If you want to develop, use the script dev/setup_env.sh:

source dev/setup_env.sh

This script will define the EB_SKIP_SGX in src/bpf/tracer.h and it will export the environment variable EB_SKIP_SGX=1. This is needed if you develop on a non-sgx machine.

Running

./enclave-benchmark -h
A cli app to run benchmarks for Gramine application

Usage: enclave-benchmark [OPTIONS] --config <CONFIG>

Options:
  -v...                  Turn debugging information on
  -c, --config <CONFIG>  Path to configuration file
      --force            Remove previous results directory (if exists)
      --aggregate        Aggregate results from samples. Creates an <output_directory>/aggregated
  -h, --help             Print help
  -V, --version          Print version

Run an example workload with:

sudo ./enclave-benchmark -v -c examples/iobound.toml

Troubleshooting

If you encounter the following error:

libbpf: failed to determine tracepoint 'syscalls/sys_enter_read' perf event ID: No such file or directory
libbpf: prog 'trace_enter_read': failed to create tracepoint 'syscalls/sys_enter_read' perf event: No such file or directory
libbpf: prog 'trace_enter_read': failed to auto-attach: -2

It indicates that debugfs is not mounted.
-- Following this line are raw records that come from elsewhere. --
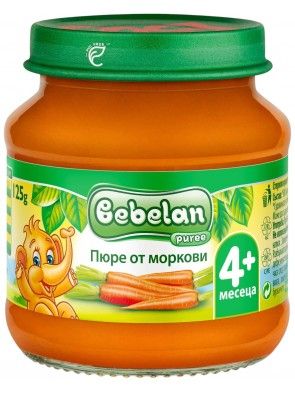 BEBELAN PUREE  БИО бебешко еднокомпонентно пюре от Моркови 4+ мес. 125 г. 5951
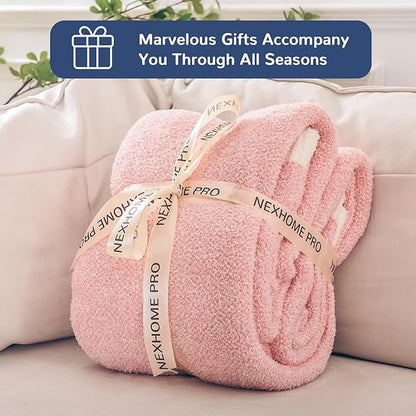 NEXHOME PRO Soft Blankets Pink, Cozy Throw Blanket - Image 4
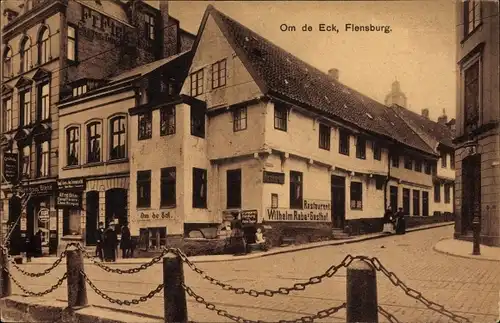 Ak Flensburg in Schleswig Holstein, Om de Eck, Restaurant, Gasthof von Wilhelm Rabe, Alfred Ohlsen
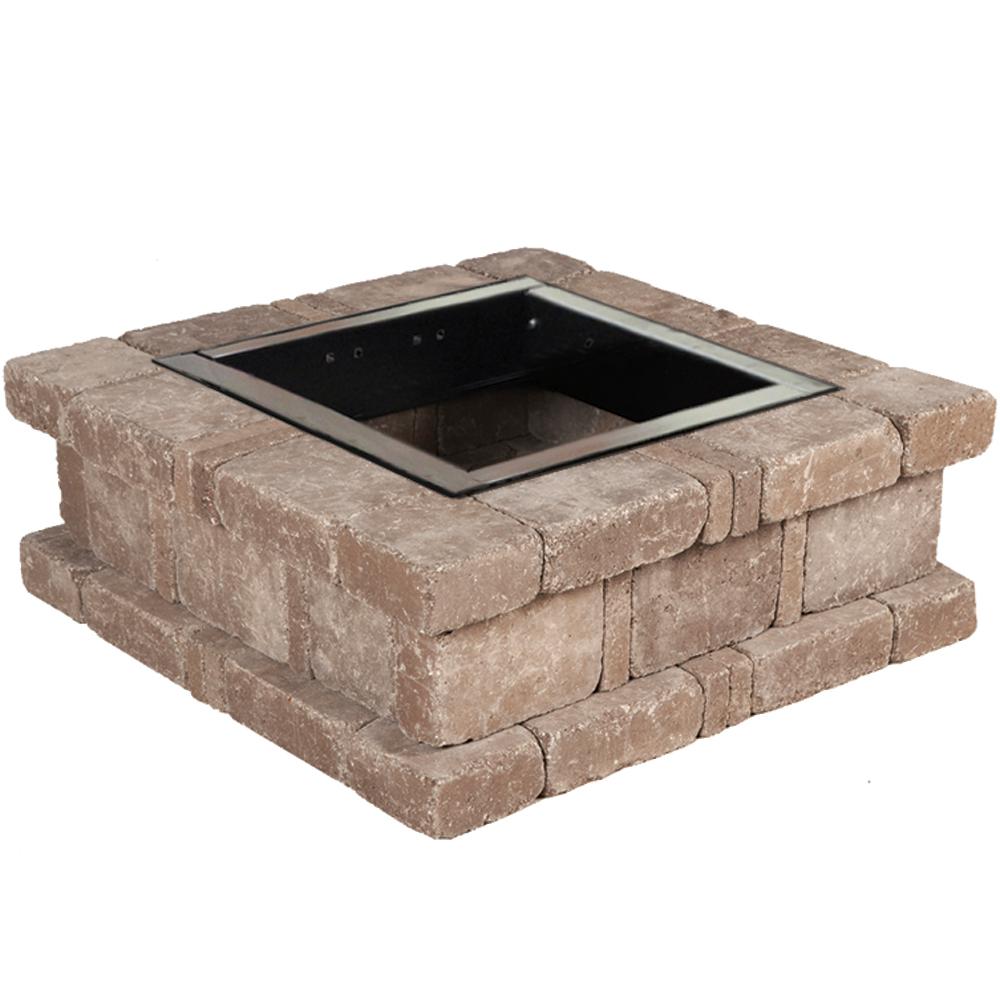 Pavestone Rumblestone 38 5 In X 14 In Square Concrete Fire Pit Kit No 1 In Cafe Rsk50369 The Home Depot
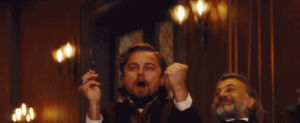 django unchained,excited,leonardo dicaprio,yes,screaming,exciting,victory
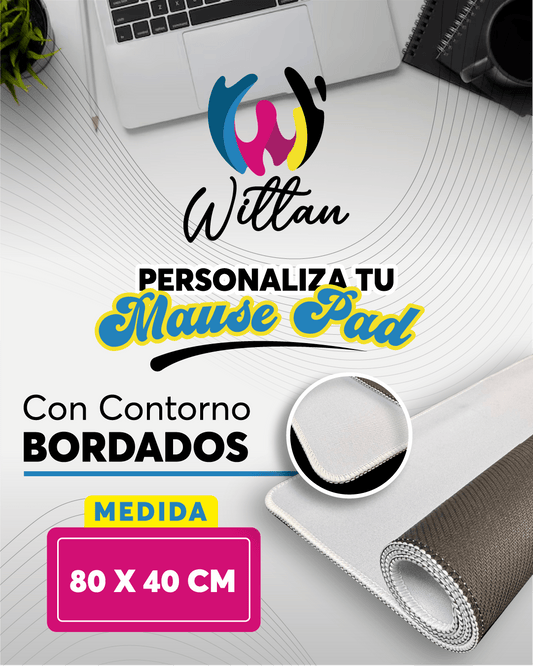 Mouse Pad Personalizado 80x40 cm – Bordes Bordados Premium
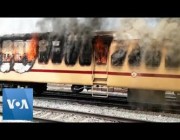 نيران تلتهم قطارا خلال احتجاجات في الهند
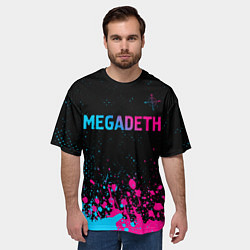 Футболка оверсайз мужская Megadeth - neon gradient, цвет: 3D-принт — фото 2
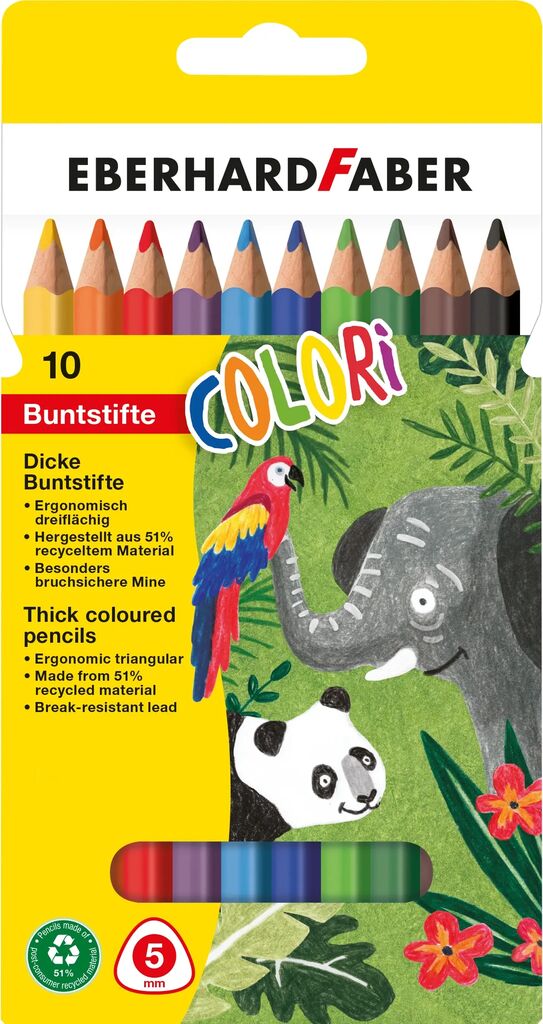 CREIOANE COLORATE PLASTIC JUMBO 10 CULORI EBERHARD FABER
You can mount it with the following command:

sudo mount -t debugfs none /sys/kernel/debug

Output directory

The demo-result directory will look like (obtained from examples/simple.toml):

/tmp/test/
├── dd
│   ├── gramine-sgx
│   │   └── dd-1-64M-untrusted
│   │       ├── 1
│   │       │   ├── io.csv
│   │       │   ├── package-0-core.csv
│   │       │   ├── package-0.csv
│   │       │   ├── package-0-dram.csv
│   │       │   ├── package-0-uncore.csv
│   │       │   ├── perf.csv
│   │       │   ├── stderr
│   │       │   └── stdout
│   │       ├── 2
│   │       │   ├── io.csv
│   │       │   ├── package-0-core.csv
│   │       │   ├── package-0.csv
│   │       │   ├── package-0-dram.csv
│   │       │   ├── package-0-uncore.csv
│   │       │   ├── perf.csv
│   │       │   ├── stderr
│   │       │   └── stdout
│   │       ├── dd.manifest.sgx
│   │       ├── dd.sig
│   │       ├── encrypted
│   │       └── untrusted
│   │           └── a.zero
│   └── no-gramine-sgx
│       └── dd-1
│           ├── 1
│           │   ├── io.csv
│           │   ├── package-0-core.csv
│           │   ├── package-0.csv
│           │   ├── package-0-dram.csv
│           │   ├── package-0-uncore.csv
│           │   ├── perf.csv
│           │   ├── stderr
│           │   └── stdout
│           ├── 2
│           │   ├── io.csv
│           │   ├── package-0-core.csv
│           │   ├── package-0.csv
│           │   ├── package-0-dram.csv
│           │   ├── package-0-uncore.csv
│           │   ├── perf.csv
│           │   ├── stderr
│           │   └── stdout
│           └── storage
│               └── a.zero
├── private_key.pem
└── sleep
    ├── gramine-sgx
    │   └── sleep-1-64M-untrusted
    │       ├── 1
    │       │   ├── io.csv
    │       │   ├── package-0-core.csv
    │       │   ├── package-0.csv
    │       │   ├── package-0-dram.csv
    │       │   ├── package-0-uncore.csv
    │       │   ├── perf.csv
    │       │   ├── stderr
    │       │   └── stdout
    │       ├── 2
    │       │   ├── io.csv
    │       │   ├── package-0-core.csv
    │       │   ├── package-0.csv
    │       │   ├── package-0-dram.csv
    │       │   ├── package-0-uncore.csv
    │       │   ├── perf.csv
    │       │   ├── stderr
    │       │   └── stdout
    │       ├── encrypted
    │       ├── sleep.manifest.sgx
    │       ├── sleep.sig
    │       └── untrusted
    └── no-gramine-sgx
        └── sleep-1
            ├── 1
            │   ├── io.csv
            │   ├── package-0-core.csv
            │   ├── package-0.csv
            │   ├── package-0-dram.csv
            │   ├── package-0-uncore.csv
            │   ├── perf.csv
            │   ├── stderr
            │   └── stdout
            ├── 2
            │   ├── io.csv
            │   ├── package-0-core.csv
            │   ├── package-0.csv
            │   ├── package-0-dram.csv
            │   ├── package-0-uncore.csv
            │   ├── perf.csv
            │   ├── stderr
            │   └── stdout
            └── storage

Workload File

The application takes a toml file as input and performs sequential benchmarks.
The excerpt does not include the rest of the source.